Ainda assim, o MC encontra tempo para trazer 21 Savage na última canção. Excelente, “Jimmy Cooks” carrega sonoridade tomada pelo trap. Aqui, volta a falar sobre assuntos antes visitados em Certified Lover Boy, como a agenda lotada entre os períodos de gravação, turnês e eventos dignos de um superstar. Passeia entre assuntos como a traição de falsos amigos, menciona o parceiro J. Cole, deseja que Lil Keed e Drama King descanse em paz, mas ainda que a track seja de grandíssima qualidade, soa como se fosse um presente para manter os antigos fãs atentos até o final do disco. Por si só, funciona com muita facilidade. No entanto, para quem tenta apreciar o conjunto da obra como uma única experiência, é até um pouco desajustado perceber que um bom disco dance termina sua passagem com uma grande faixa trap.

Drake para a THE FADER Magazine (reprodução)

Honestly, Nevermind é groovy, robusto e atraente como as coreografias desajeitadas de um par romântico em meio a uma noite acalorada de boate entre flashes e gelo seco; tudo soa muito luxuoso e instintivo de forma bem executada. Não se tem a menor dúvida que estes futuro-presentes hits serão figurinhas carimbadas nas maiores rádios e playlists de todo o planeta, entretanto, é importante analisar o fato de um popstar com números estratosféricos estar trazendo para seu catálogo artístico a estética da dance music, que faz conexão direta às raízes da música negra contemporânea, assim como o rap.

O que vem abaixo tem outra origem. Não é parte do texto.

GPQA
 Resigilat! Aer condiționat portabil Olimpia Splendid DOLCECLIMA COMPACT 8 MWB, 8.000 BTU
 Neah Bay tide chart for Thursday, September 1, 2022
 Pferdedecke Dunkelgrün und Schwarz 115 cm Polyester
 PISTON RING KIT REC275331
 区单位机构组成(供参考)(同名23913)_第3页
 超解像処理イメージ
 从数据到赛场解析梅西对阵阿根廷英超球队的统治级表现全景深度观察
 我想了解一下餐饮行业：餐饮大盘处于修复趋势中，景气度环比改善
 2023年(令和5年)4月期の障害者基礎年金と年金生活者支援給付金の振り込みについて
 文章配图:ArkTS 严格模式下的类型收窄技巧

Expressivo, moderno, piscante e conceitual, ainda que com pouca profundidade em seus temas, o sétimo álbum de estúdio de Drake o introduz às novas gerações como uma personalidade muito distinta da que conquistou espaço no posto mais alto do “rap game”.

Dreezy talvez esteja cada vez mais longe do que os fãs de rap esperam, mas caminha a passos largos para consolidar com veemência seu nome na eternidade. E em 2022 é mais do que necessário entender que talvez não o faça sendo unânime.